Step 2: Extract Statistical Claims
Scan the full text for every claim that includes a number, percentage, dollar amount, or named source. Build a claims list with these fields:
| Field | Description |
|---|---|
| claim_text | The exact sentence or phrase containing the statistic |
| value | The numeric value (e.g., "42%", "$1.2M", "3x") |
| attribution | Named source if present (e.g., "HubSpot", "Gartner 2025") |
| url | Cited URL if present (from markdown link or parenthetical) |
| location | Heading or line number where the claim appears |
Step 3: Verify Cited Claims
For each claim that includes a URL:
- Fetch the source page via WebFetch
- Search the returned content for the specific numeric value
- If exact value found, check surrounding context matches the claim topic
- Assign a confidence score (see Verification Scoring below)
Process claims sequentially to avoid rate-limiting source sites.
Step 4: Flag Uncited Claims
For claims without a URL:
- Mark status as UNVERIFIED
- Suggest a search query the user can run to find a source
- If the attribution names a specific organization, suggest their domain
Step 5: Generate Verification Report
Output the full results table, summary statistics, and recommended actions.
Claim Extraction Patterns
Identify claims matching these structures:
Fully cited (highest priority):
[Number]% [claim] ([Source], [Year])- parenthetical citation[claim] [Number]% ... [markdown link to source]- inline linkAccording to [Source], [Number]...- attribution lead
Uncited statistics (flag for sourcing):
[Number]% of [noun phrase]- standalone percentage[Number]x more/less/higher/lower- multiplier claims$[Number] [claim]- dollar figures without attribution
Weak signals (check context before extracting):
studies show,research indicates,data suggests+ nearby numbersurvey found,report reveals,analysis shows+ nearby number- Round numbers in isolation (e.g., "millions of users") - skip unless specific
Verification Scoring
| Score | Status | Criteria |
|---|---|---|
| 1.0 | VERIFIED | Exact number found on cited page in matching context |
| 0.7-0.9 | PARAPHRASE | Similar data found but with different wording, rounding, or timeframe |
| 0.3-0.6 | WEAK | Source page exists and covers the topic but the specific statistic is not visible |
| 0.0 | NOT FOUND | Cited page does not contain the claimed data anywhere |
| N/A | UNVERIFIED | No source URL provided for the claim |
Scoring guidance:
- A claim of "43%" when the source says "nearly half" scores 0.8
- A claim of "2024" data when the source only has "2023" scores 0.7
- A claim citing a homepage when the stat lives on a subpage scores 0.3
- A 404 or unreachable URL scores 0.0
Output Format
Verification Report: [Post Title]
File: [path] Claims found: [total] Verified: [count] | Paraphrase: [count] | Weak: [count] | Not Found: [count] | Unverified: [count]
| # | Claim | Source URL | Score | Status | Notes |
|---|---|---|---|---|---|
| 1 | "73% of marketers..." | https://example.com/report | 1.0 | VERIFIED | Exact match found in section 3 |
| 2 | "5x ROI improvement" | https://example.com/study | 0.8 | PARAPHRASE | Source says "nearly 5x" |
| 3 | "60% prefer video" | (none) | N/A | UNVERIFIED | Try: "video preference statistics 2025" |
Recommended Actions
- [List claims that need source URLs]
- [List claims with weak or not-found scores that need replacement sources]
- [List claims where the source data may be outdated]
Integration
This skill can be called from blog-analyze as an optional deep-verification step.
When invoked from the analyzer, only claims scoring below 0.7 are flagged in the
analysis report.
Standalone usage: /blog factcheck path/to/post.md
Limitations
- Paywalled content: WebFetch cannot access content behind login walls.

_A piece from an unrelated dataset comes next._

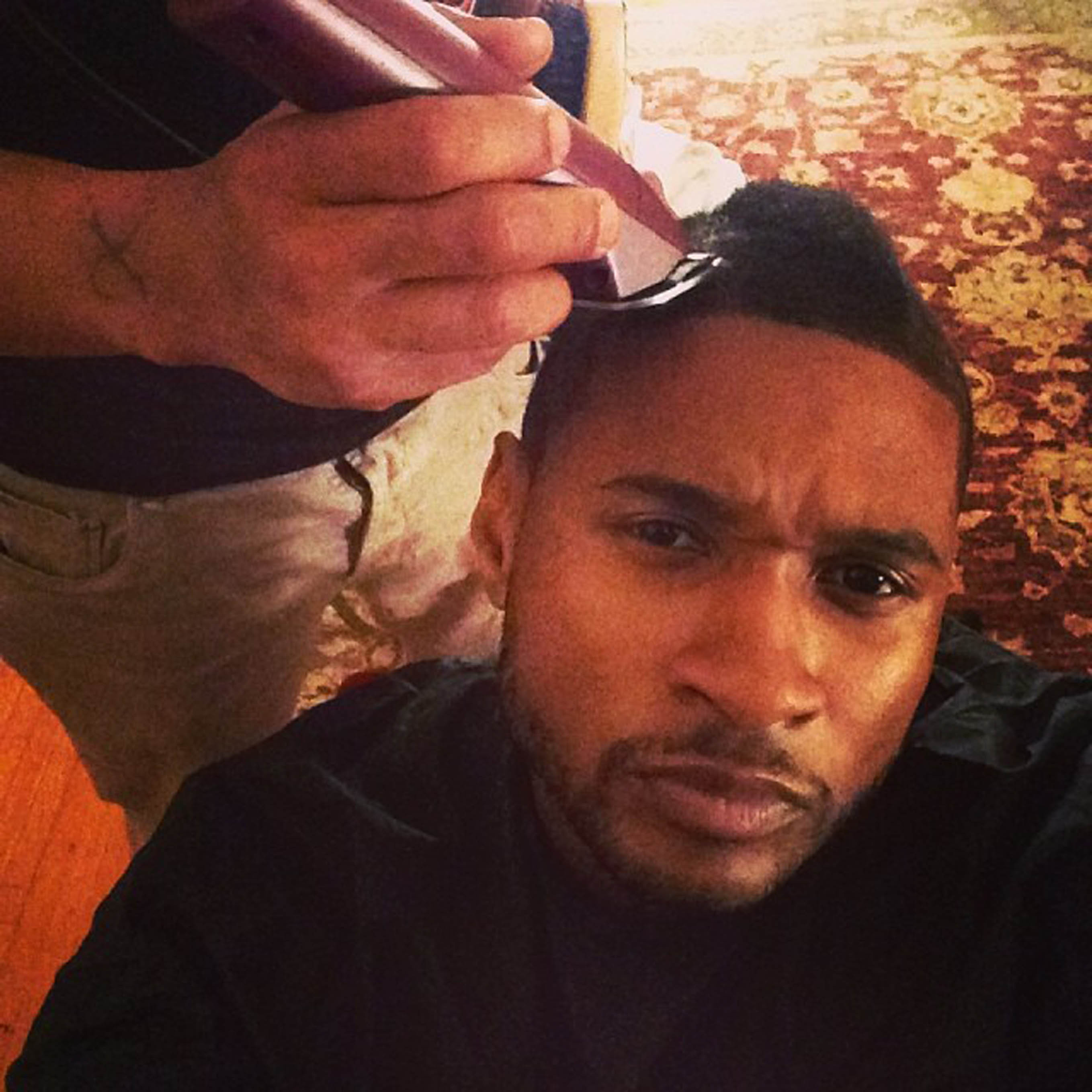 Usher skaffade sig ny frisyr. Usher skaffade sig ny frisyr.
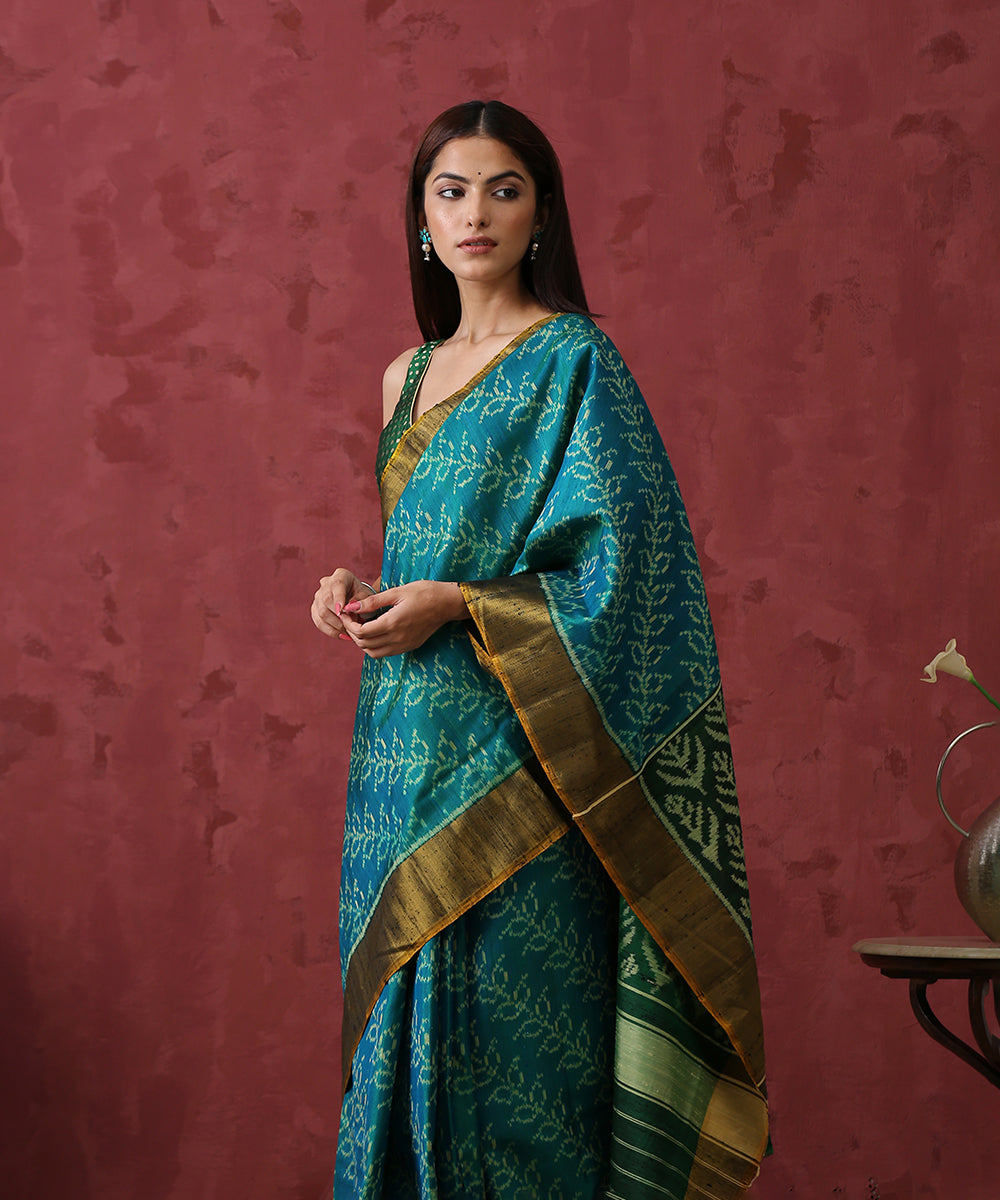 Handloom_Peacock_Green_Raw_Silk_Patola_Saree_with_Green_Pallu_WeaverStory_01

These score as WEAK (0.5) with a note about paywall detection.
- Dynamic pages: JavaScript-rendered content may not be available via WebFetch. If the page returns minimal content, note this in the status.
- PDF sources: WebFetch may not extract PDF text reliably. Flag PDF URLs for manual verification.
- Archived pages: If a URL returns 404, suggest checking web.archive.org.
- Rate limits: Process no more than 10 URLs per run to avoid overwhelming source servers. If a post has more than 10 cited URLs, verify the first 10 and list the remainder as SKIPPED.